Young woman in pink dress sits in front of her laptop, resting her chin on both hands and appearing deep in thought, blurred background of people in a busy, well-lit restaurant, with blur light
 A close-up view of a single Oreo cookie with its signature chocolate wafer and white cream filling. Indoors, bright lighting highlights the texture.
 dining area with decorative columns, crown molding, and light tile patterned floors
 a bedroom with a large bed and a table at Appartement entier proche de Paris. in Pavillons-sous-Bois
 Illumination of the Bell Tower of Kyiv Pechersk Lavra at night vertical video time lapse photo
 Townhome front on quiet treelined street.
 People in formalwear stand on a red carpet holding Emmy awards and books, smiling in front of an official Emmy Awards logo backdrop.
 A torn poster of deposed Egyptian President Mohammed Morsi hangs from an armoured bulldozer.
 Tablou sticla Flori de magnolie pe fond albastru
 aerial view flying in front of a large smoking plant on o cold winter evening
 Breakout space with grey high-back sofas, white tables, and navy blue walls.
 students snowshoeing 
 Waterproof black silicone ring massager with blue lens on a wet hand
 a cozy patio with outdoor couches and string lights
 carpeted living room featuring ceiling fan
***
**Exercise description**
Which lines above include the word "white"? Return each one.

**Answer for this exercise**
 A close-up view of a single Oreo cookie with its signature chocolate wafer and white cream filling. Indoors, bright lighting highlights the texture.
 Breakout space with grey high-back sofas, white tables, and navy blue walls.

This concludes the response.